Repeat each entry exactly, but do not carry over the pictures.
:::
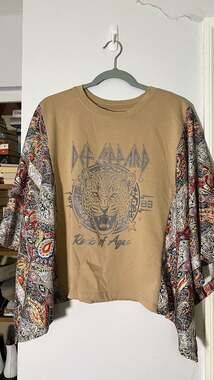 Def Leppard Rock of Ages Tan Graphic T-Shirt with Paisley Pattern Sleeves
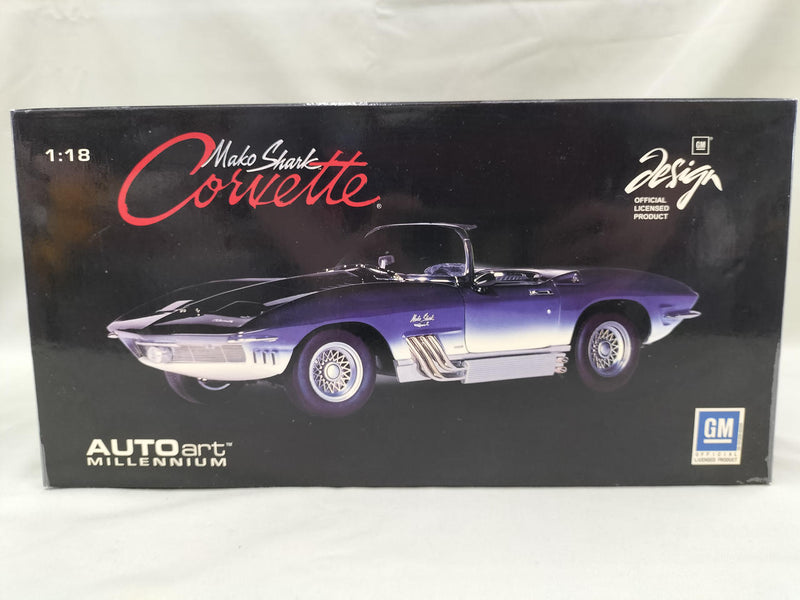 Laden Sie das Bild in Galerie -Viewer, AUTOart &quot;Mako Shark&quot; CORVETTE CHEVROLET 1/18 Scale Car– Used
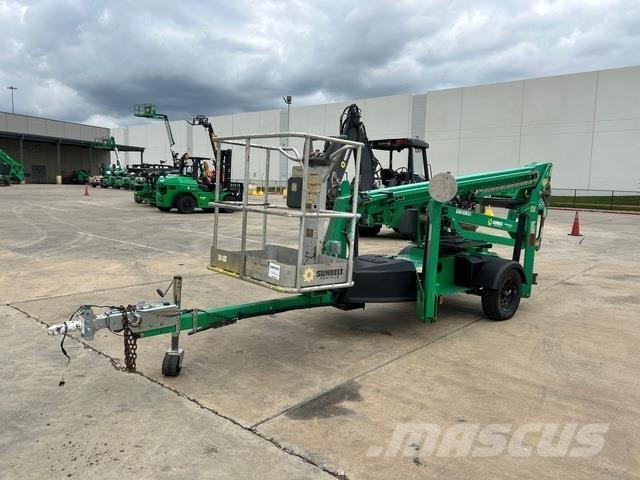 JLG T-350 拖車裝載高空作業平台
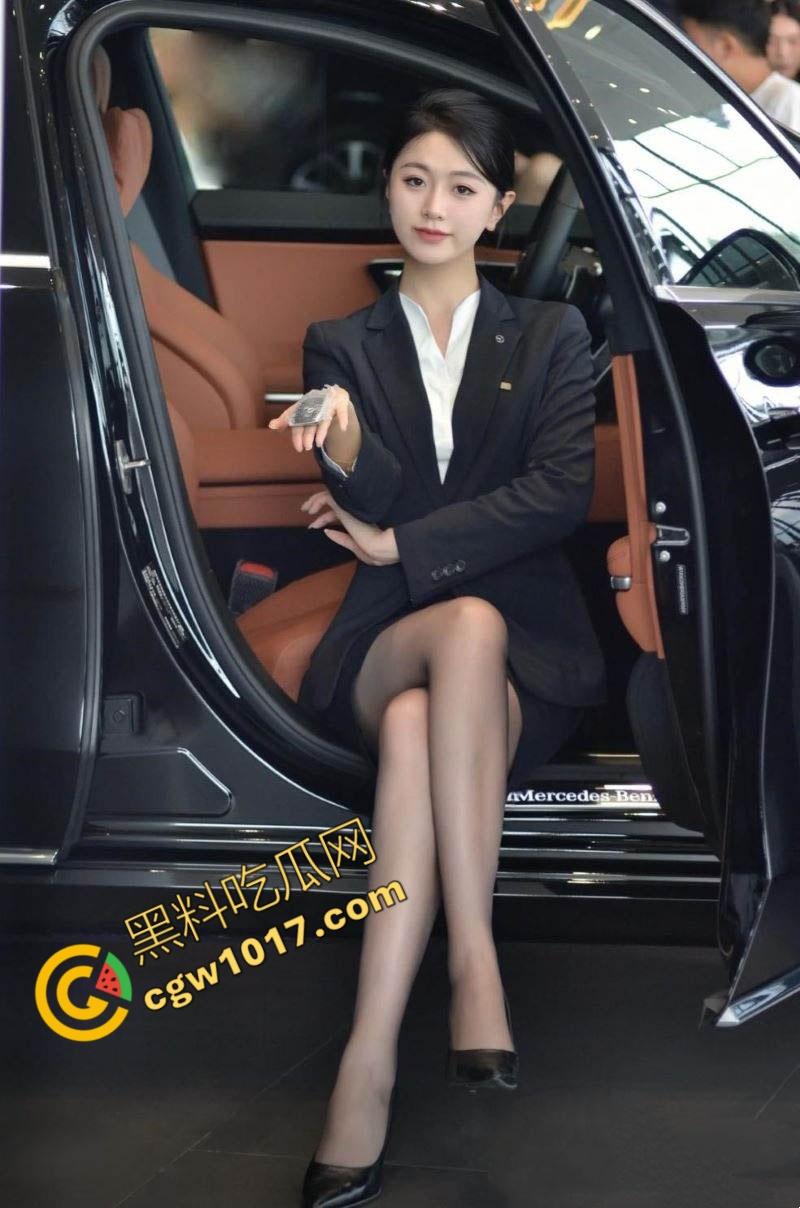 广西柳州奔驰4S店惊爆偷情丑闻！女销售与同事狂野偷情，金主怒曝视频，火爆开车撞店-10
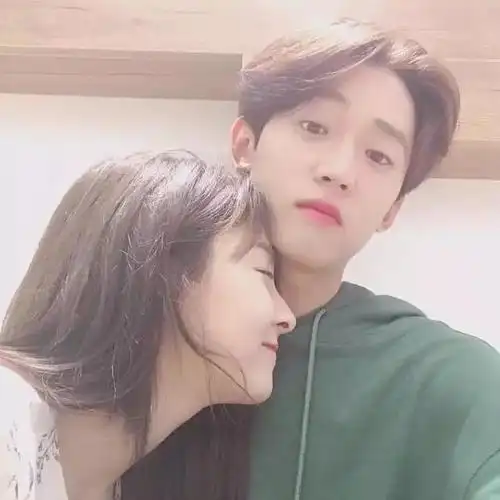 情侣自拍姿势合集(单身狗慎入)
:::
- **EXERCISE RESULT**
 Def Leppard Rock of Ages Tan Graphic T-Shirt with Paisley Pattern Sleeves
 Laden Sie das Bild in Galerie -Viewer, AUTOart &quot;Mako Shark&quot; CORVETTE CHEVROLET 1/18 Scale Car– Used
 JLG T-350 拖車裝載高空作業平台
 广西柳州奔驰4S店惊爆偷情丑闻！女销售与同事狂野偷情，金主怒曝视频，火爆开车撞店-10
 情侣自拍姿势合集(单身狗慎入)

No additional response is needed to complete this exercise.